Boualem Sansal, aux origines douteuses, plus Marocain du Rif qu’Algérien, « expert » autoproclamé de l’Islam et des Musulmans, cache précautionneusement en France et en Occident des vérités, qu’il convient toujours de dire et redire, qui sont vérifiables. Dans les années 1990 et jusqu’à exactement l’année 2003, il  a été un haut fonctionnaire de l’État algérien au parcours parfaitement balisé, accrédité par les enquêtes de la Sécurité militaire puis du DRS, qui a connu sans coup férir  les présidences de Houari Boumediene (1965-1978), Chadli Bendjedid (1979-1991), Liamine Zeroual (1995-1999), Abdelaziz Bouteflika (1999-2019) et les chefferies d’État successives de Rabah Bitat (1979), Mohamed Boudiaf, Ali Kafi et Liamine Zeroual (1991-1995).

 

Le directeur-général Boualem Sansal arborant le costume bleu-pétrole des dignitaires du « système » guidant, en 1984, lors d’une visite officielle le ministre Messaoudi Zitouni

Longtemps directeur général de l’Industrie, avec les attributions d’un secrétaire d’État, numéro 3 du ministère éponyme, Boualem Sansal a conduit sans état d’âme pour le compte du gouvernement Bendjedid la destruction de l’outil industriel conçu par Boumediene, déstructurant des pôles industriels et mettant au chômage des dizaines de milliers de travailleurs algériens de tous les grades professionnels.
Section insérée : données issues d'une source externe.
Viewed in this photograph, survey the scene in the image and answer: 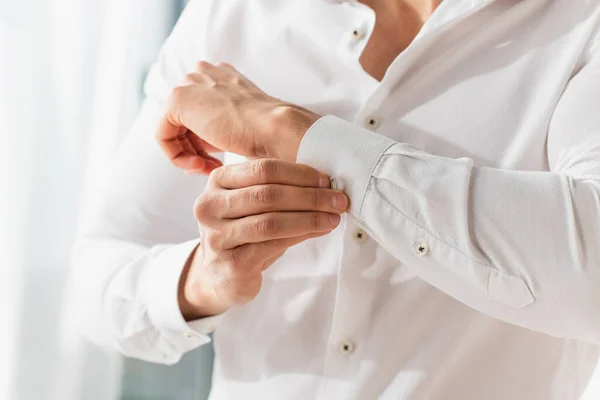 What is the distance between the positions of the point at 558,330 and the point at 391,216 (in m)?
0.22

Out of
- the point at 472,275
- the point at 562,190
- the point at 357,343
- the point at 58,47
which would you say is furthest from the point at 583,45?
the point at 58,47

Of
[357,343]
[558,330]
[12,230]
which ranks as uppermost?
[558,330]

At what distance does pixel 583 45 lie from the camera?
93 cm

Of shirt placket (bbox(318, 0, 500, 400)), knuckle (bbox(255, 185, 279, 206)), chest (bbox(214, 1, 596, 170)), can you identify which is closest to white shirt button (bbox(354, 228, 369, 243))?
shirt placket (bbox(318, 0, 500, 400))

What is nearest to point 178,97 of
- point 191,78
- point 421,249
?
point 191,78

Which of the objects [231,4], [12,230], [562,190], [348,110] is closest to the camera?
[562,190]

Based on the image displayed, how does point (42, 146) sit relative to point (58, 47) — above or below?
below

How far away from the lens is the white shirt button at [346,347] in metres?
1.01

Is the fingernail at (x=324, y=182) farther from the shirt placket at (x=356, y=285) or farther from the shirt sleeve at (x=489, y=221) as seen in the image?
the shirt placket at (x=356, y=285)

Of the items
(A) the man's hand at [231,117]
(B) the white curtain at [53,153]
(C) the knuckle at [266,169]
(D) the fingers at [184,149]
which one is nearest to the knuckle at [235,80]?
(A) the man's hand at [231,117]

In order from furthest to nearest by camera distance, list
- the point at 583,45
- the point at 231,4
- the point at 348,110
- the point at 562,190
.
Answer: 1. the point at 231,4
2. the point at 348,110
3. the point at 583,45
4. the point at 562,190

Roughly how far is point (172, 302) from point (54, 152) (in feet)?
1.86

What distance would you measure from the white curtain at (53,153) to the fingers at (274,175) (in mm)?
729

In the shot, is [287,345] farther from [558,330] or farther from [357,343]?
[558,330] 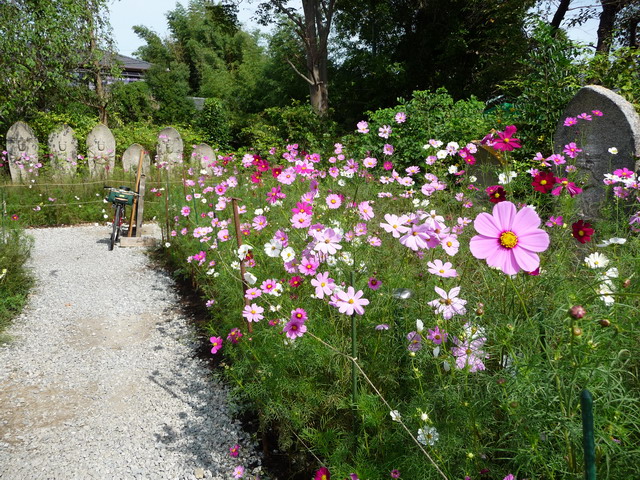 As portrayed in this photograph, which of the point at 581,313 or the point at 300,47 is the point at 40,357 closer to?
the point at 581,313

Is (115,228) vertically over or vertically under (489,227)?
under

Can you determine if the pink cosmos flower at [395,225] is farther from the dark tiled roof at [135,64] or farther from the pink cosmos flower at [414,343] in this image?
the dark tiled roof at [135,64]

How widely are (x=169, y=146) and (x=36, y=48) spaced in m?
3.14

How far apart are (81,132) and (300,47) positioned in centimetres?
1007

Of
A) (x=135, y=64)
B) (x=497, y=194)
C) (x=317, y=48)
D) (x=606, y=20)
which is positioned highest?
(x=135, y=64)

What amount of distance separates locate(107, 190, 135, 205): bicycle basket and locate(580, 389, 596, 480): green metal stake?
585 centimetres

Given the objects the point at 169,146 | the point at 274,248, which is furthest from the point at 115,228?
the point at 274,248

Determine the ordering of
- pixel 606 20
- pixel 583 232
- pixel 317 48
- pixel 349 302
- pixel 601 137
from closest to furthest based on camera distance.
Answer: pixel 583 232
pixel 349 302
pixel 601 137
pixel 606 20
pixel 317 48

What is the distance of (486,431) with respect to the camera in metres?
1.35

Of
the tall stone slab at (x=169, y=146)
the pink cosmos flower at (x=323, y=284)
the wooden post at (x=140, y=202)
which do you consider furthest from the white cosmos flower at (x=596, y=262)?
the tall stone slab at (x=169, y=146)

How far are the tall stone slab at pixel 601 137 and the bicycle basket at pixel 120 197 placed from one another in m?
4.96

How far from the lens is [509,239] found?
34.4 inches

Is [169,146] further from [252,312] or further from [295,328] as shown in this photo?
[295,328]

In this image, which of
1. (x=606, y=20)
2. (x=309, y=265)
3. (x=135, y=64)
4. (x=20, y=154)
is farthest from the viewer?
(x=135, y=64) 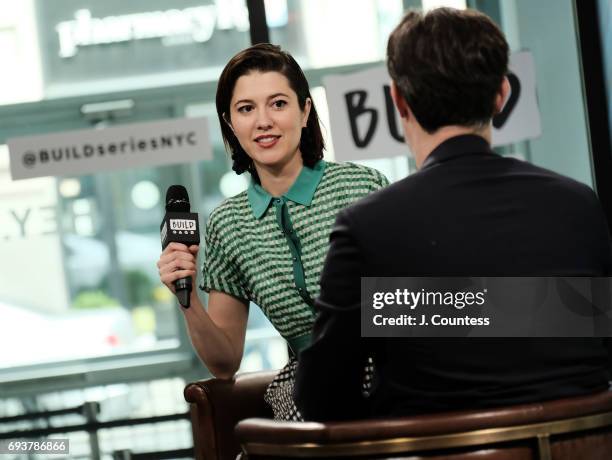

Le dépeçage de l’industrie nationale naissante est indéniablement son œuvre, proposant, non sans outrance, dans un entretien avec l’écrivain et cinéaste Ali Ghalem, de céder à la France, pour un dinar symbolique, les entreprises cassées par ses soins. Il le répétera encore et encore : l’Algérie n’est rien sans la France.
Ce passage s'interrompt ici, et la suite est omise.